The Consumer Electronics Association (CEA) has this week invited interested manufacturers in the HDTV industry to submit proposals to standardise the infrared synchronisation signal used on active-shutter 3D glasses, so that eyewear from one brand can be used on three-dimensional TVs from other makes. The American trade organisation hopes that by arriving at a common standard for interoperable 3D glasses, the public will be less hesitant about buying a 3D TV, which will then drive up household adoption.
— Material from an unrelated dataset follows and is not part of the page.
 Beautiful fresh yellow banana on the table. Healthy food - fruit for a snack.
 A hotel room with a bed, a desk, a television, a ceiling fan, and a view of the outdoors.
At present, a pair of active-shutter 3D glasses from a certain manufacturer will generally only work with 3DTVs of the same brand, because the infrared signal used to synchronise the 3D goggles to the corresponding transmitter varies from one TV maker to another. Without correct synchronisation, the shutters on the glasses will not open and close in tandem with the two slightly different images sent to the left and right eyes, therefore extinguishing any intended 3D effect.
CEA’s vice president of research and standards Brian Markwalter explained that the organisation is simply fulfilling its role as a respected standards-setting body when pushing for such a change. He believes that as 3D TVs become more prevalent in the marketplace, the need for interchangeable active-shutter glasses between different 3DTV brands grows even stronger due to consumer demand and expectations.
Interested consumer electronics manufacturers have been asked to submit their ideas through the downloadable Active Eyewear Standards IR Sync Request For Proposal form before 5pm Eastern Standard Time (EST) on the 31st of May 2011. A 3D Technologies Working Group, R4WG16, has also been set up which is open for participation subject to approval.
While the CEA’s desire to establish a universal standard for 3D glasses is commendable, active shutter is not the only technology available on the market. LG Electronics have teamed up with several well-known HDTV manufacturers including Toshiba, Vizio and Philips to push its FPR (film-type patterned retarder) passive 3D LCD panels, trumpeting their more affordable prices, flicker-free 3D viewing experience, and also the complementary polarized 3D glasses’ superior cost and comfort. Further down the line, glasses-free (also known technically as autostereoscopic) 3D TV may become the norm, but it will probably take quite a few years before the technology is able to achieve mass-market penetration.